I entirely agree with everything you say here, John. (01)
Pat (02)
On Aug 7, 2009, at 8:46 PM, John F. Sowa wrote: (03)
> Pat,
>
> I don't disagree with your main points, but I wanted to add a few
> qualifications.
>
> PH> But not all ontologies need be about the physical world; and
>> even those that are, need not conceptualize it the way that physical
>> sciences do. As many folk in this forum will attest, our own human
>> language carves the world up in ways that do not make scientific
>> sense.
>
> The main qualification is that our human languages carve up the world
> in whatever way the speaker or author chooses. Since a big language
> like English has a lot of speakers, it supports many different ways
> of carving up the world -- including every way that any scientist has
> ever adopted.
>
> But I'll admit that the English tenses are biased toward a 3-D
> perspective by speakers who are experiencing an immediate present,
> a remembered past, and an unknown, but imaginable future.

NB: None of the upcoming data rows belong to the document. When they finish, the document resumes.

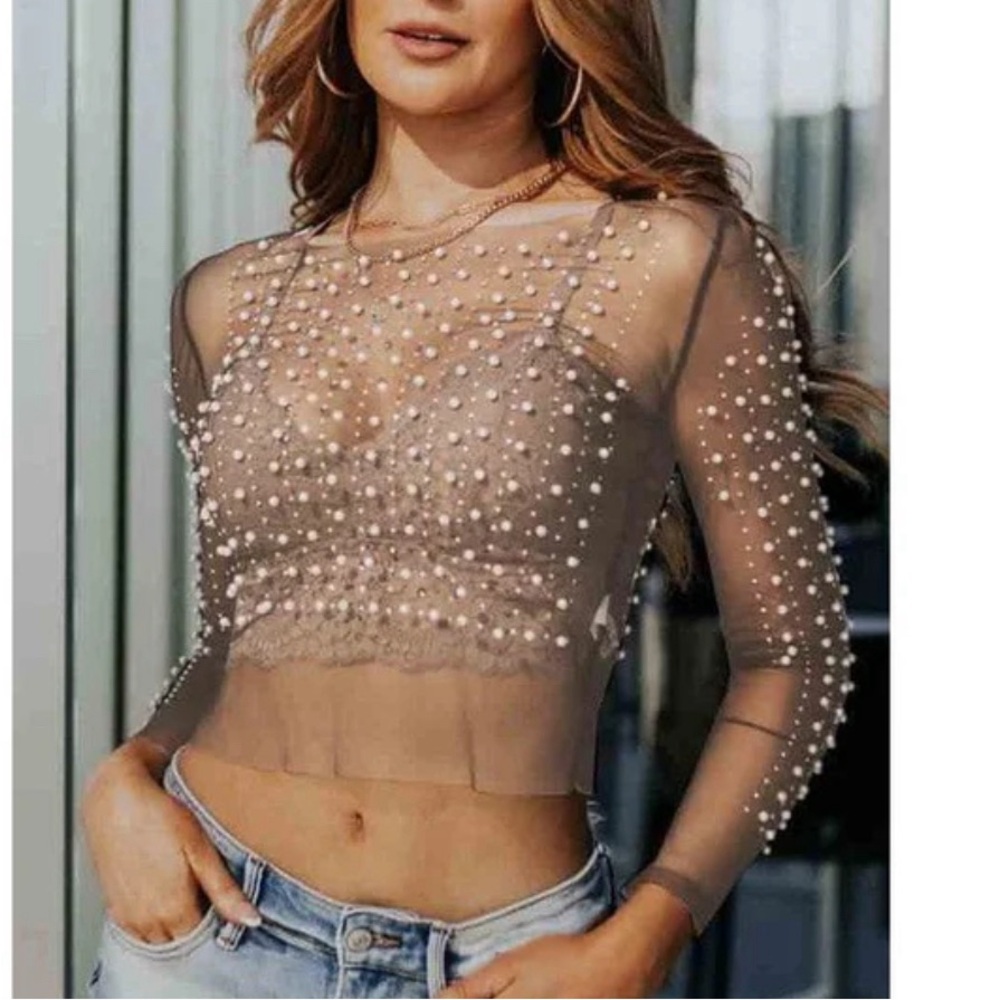 Pearl Sheer Mesh Crop Rhinestone Top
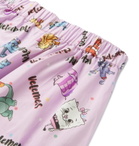 Vetements - Wide-Leg Printed Cotton-Poplin Trousers - Pink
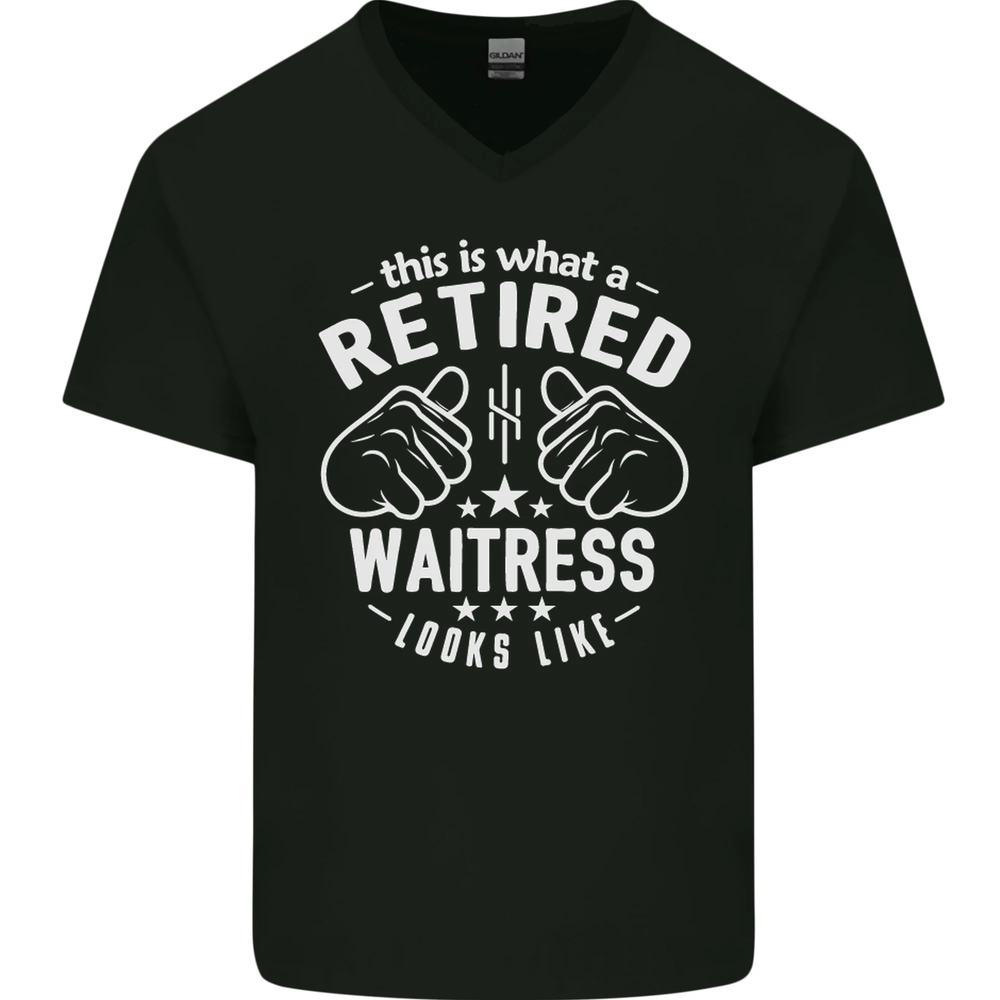 Retired Waitress V-Neck Cotton Tee for Men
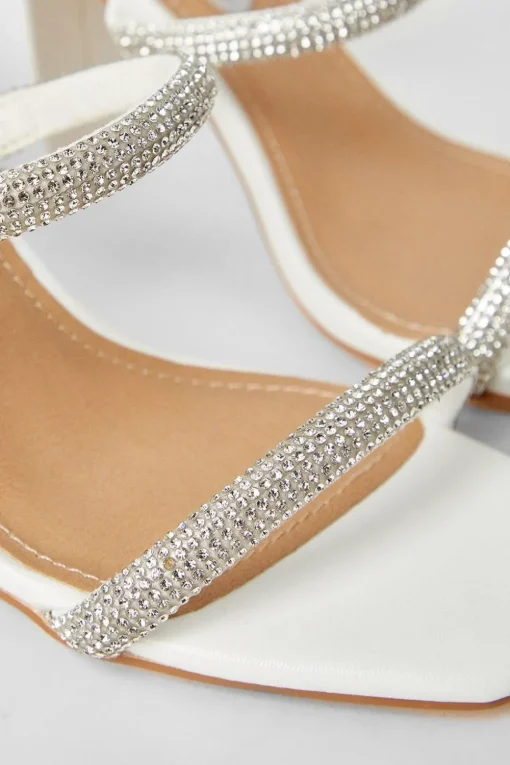 Tyla Bridal Diamante High Block Heeled Sandals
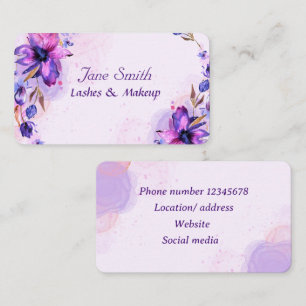 Abstrakte Violett-Aquarellfarben-Blume Visitenkarte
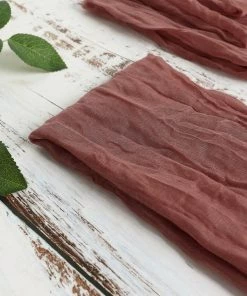 HIER_2210 Linen Napkins 5 Pack | Mauve/Cinnamon Rose Gauze Cheesecloth Cotton Dinner Napkins | 24"x19" 18 HIER_2210 Linen Napkins 5 Pack | Mauve/Cinnamon Rose Gauze Cheesecloth Cotton Dinner Napkins | 24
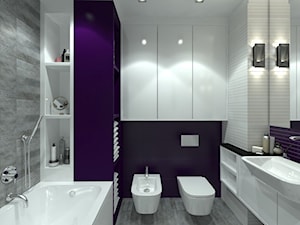 Łazienka z fioletowym akcentem - Średnia na poddaszu bez okna łazienka, styl nowoczesny - zdjęcie od Totius Studio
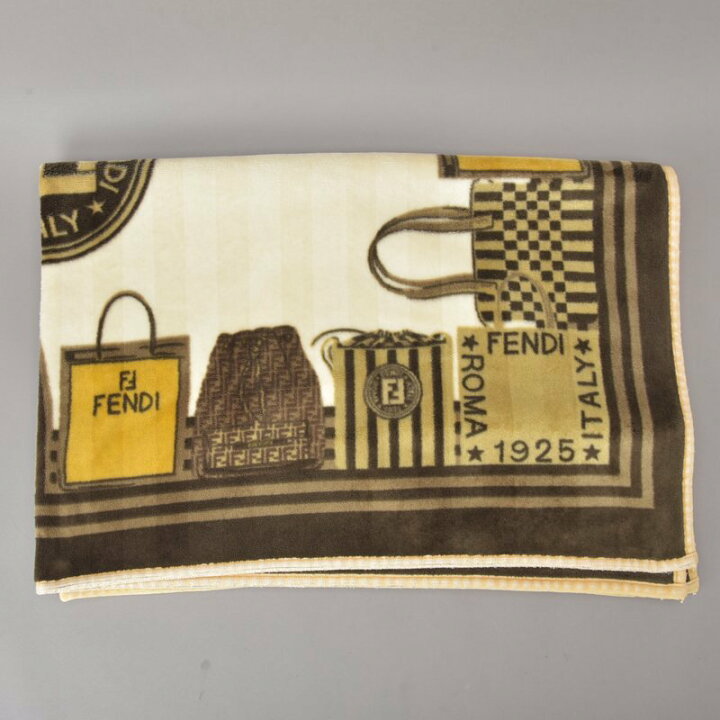 楽天市場】レア品 美品 FENDI フェンディ バッグ柄 ブランケット 毛布 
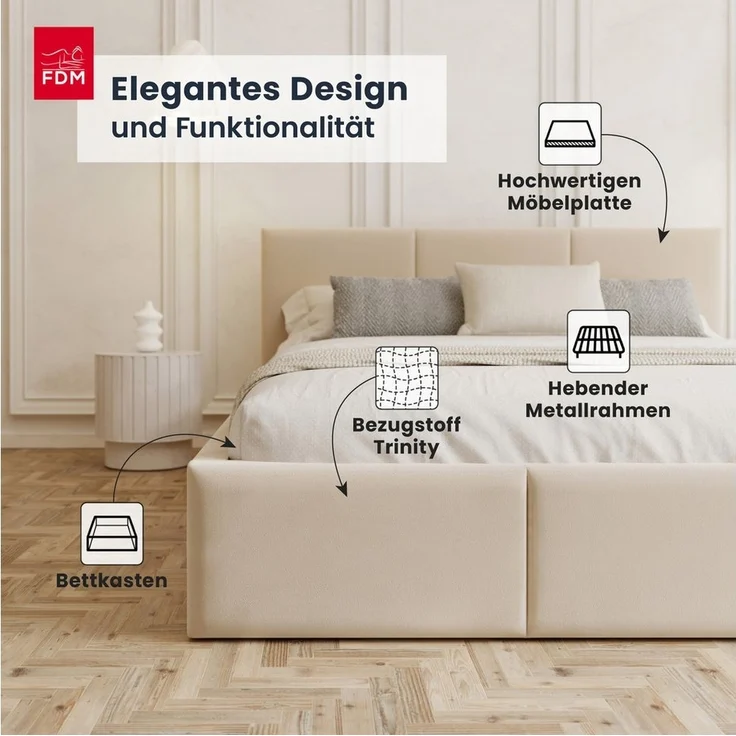 FDM Polsterbett AMBER modern mit Bettkasten MADE IN EU - mit Trinity Velours Bezug (verfügbar 90x200 120x200 140x200 160x200 180x200cm, Bettrahmen, Bett, mit großen gepolsterten Kopfteil, mit Bettkasten zum aufklappen), Hebbarer Metallrahmen, Bettkaste... – Bild 2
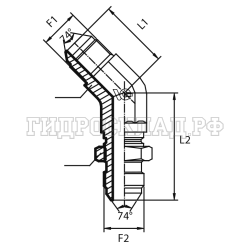 Адаптер 45° JIC(ш) 1.5/16" - JIC(ш) 1.5/16" проходной (Vitillo SPA)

If you
> think of that perspective in terms of a relativistic "light cone",
> you can map it into a 4-D view in the same way that a relativistic
> light cone is related to the full 4-D system.
>
> PH> I would add by way of keeping an open mind on the subject,
>> it is in common cause with some current theoretical physicists,
>> who have been casting doubt on the very notion of time being
>> a dimension like space: see for example Lee Smolin's entertaining
>> book "The Trouble with Physics".
>
> For reasons like that, I don't believe that we can or should define
> a single universal deeply axiomatized ontology of everything. Even
> people who have studied relativity and quantum mechanics still use
> Newtonian mechanics for the sizes and speeds that people ordinarily
> experience. For such things, it's pointless to use relativity or
> QM because any extra precision would be swamped by the inevitable
> errors in measurement.
>
> To get back to the UoM topics: physicists (and ordinary people)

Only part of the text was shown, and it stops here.